These two results tell us that the two modes of motion for the coupled pendulum are when the pendulums are both swinging in the same direction (matrix a) and when the pendulums are swinging in opposite directions (matrix b).

In addition to finding the modes of the system, we can also find the eigenfrequencies specific to this system by using the Lagrange method of derivation.

This system has two degrees of freedom, where θ1 and θ2 are the independent variables. The number of degrees of freedom that a system has is the number of independently variable factors which affect the range of states that the system can be in. If we had a system with just one pendulum we would have just one degree of freedom, θ.

This demo is good to show how each pendulum can affect the frequency and the amplitude of the other pendulum. Typically what happens when one of the pendulums is swung is that it begin with a large amplitude, and some of the energy that is contained within the first pendulum is transferred to the second through the spring. The second pendulum will begin to swing as well, slowly increasing its amplitude as the amplitude of the first pendulum decreases. As soon as the first pendulum stops swinging, the cycle will repeat and it will begin to take energy from the second pendulum and will begin to swing with a greater and greater amplitude. They will go in this pattern, with one pendulum “taking” energy from the other until all of the energy in the system is lost to friction and air resistance and both the pendulums stop swinging.

Part Three:

Following is the derivation of the eigenfrequencies of the system using the Lagrange method:

First we have to find the kinetic energy (T) and potential energy (U) of the system as a whole:

T = \cfrac{1}{2}m(\dot{x}_1^2 + \dot{x}_2^2)

U = mg(y_1 + y_2) + \cfrac{1}{2}k(x_2 - x_1)^2

       = \cfrac{mg}{2l}(x_1^2 + x_2^2) + \cfrac{1}{2}k(x_2 - x_1)^2

To get T we use the kinetic energy equation T = \cfrac{1}{2}mv^2. We know that v=\dot{x} and we can add T for both mass one and two together to give us the above equation.

To get the potential energy we have to add up potential energy from two different sources: The potential energy of the masses because their vertical position changes during their motion and the potential energy contained within the spring. The gravitational potential energy contained in the system from the two suspended masses gives a first term equal of U = mgh (for masses one and two). The gravitational potential energy can be calculated from anywhere, so we define the “zero” of the potential energy to be from where the masses are on the y axis when θ=0. This is the point of equilibrium in the system and is where the pendulums hang straight down from their support beam. This gives the gravitational potential energy of the system U_1 = mg(y_1 + y_2) .

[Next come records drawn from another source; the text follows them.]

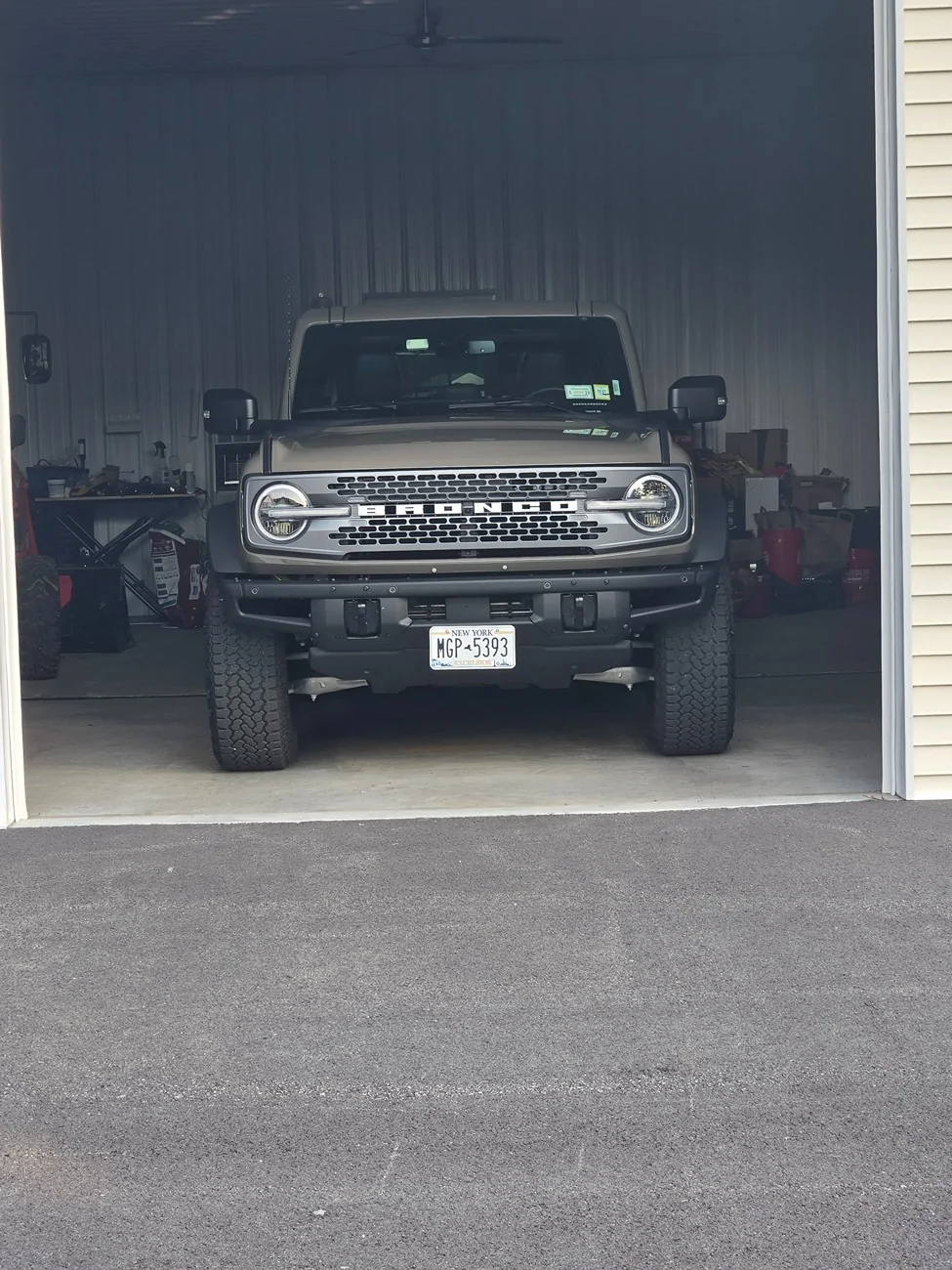 Ford Bronco Camber issue?  New 2025. 2200 miles.  Never offroad yet 20260628_191812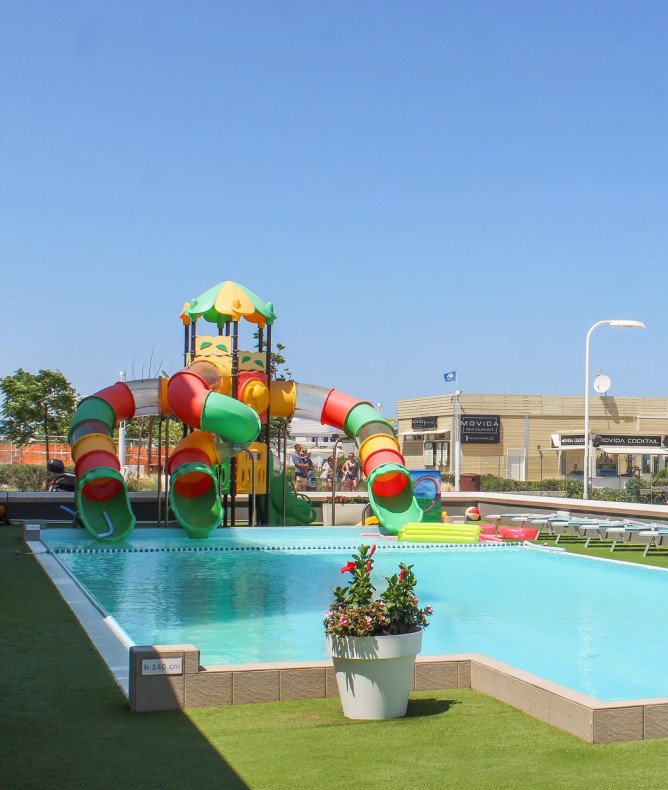 media.Slide-Piscina_CFH_Riccione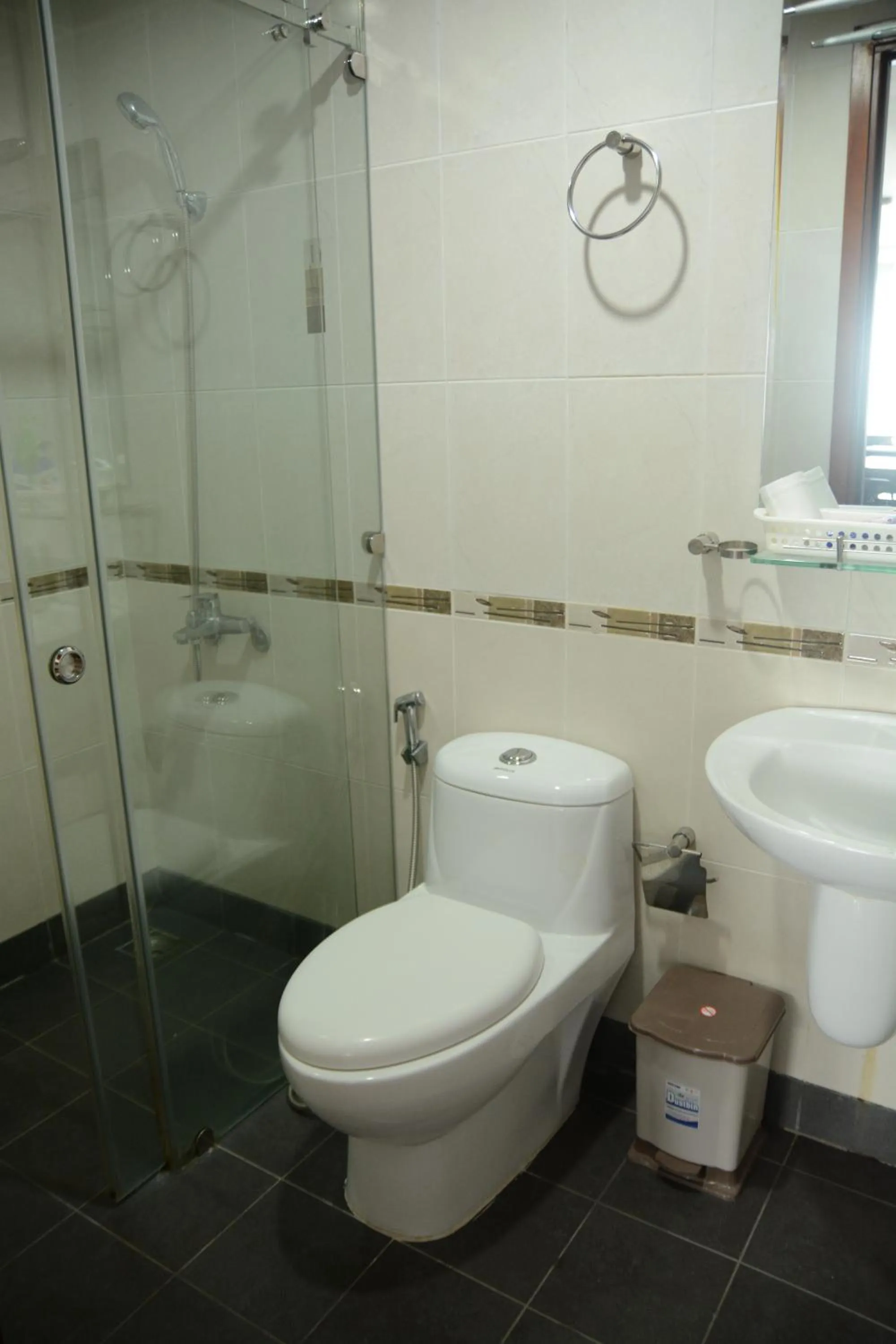 Shower in BMC Chillaxroom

The second potential energy term we get from the potential energy contained within the spring connecting the two masses. Potential energy from a spring is U=\frac{1}{2}kx^2 where x is the displacement of the spring in the positive or negative direction from its equilibrium point, where it will naturally be if no net force is exerted on it. We can tell that the total displacement from equilibrium of our spring is equal to the displacement of mass 2 (x2) minus the displacement of mass 1 (x1). This makes the equation for potential energy contained in the spring: U_2 = \cfrac{1}{2}k(x_2 - x_1)^2.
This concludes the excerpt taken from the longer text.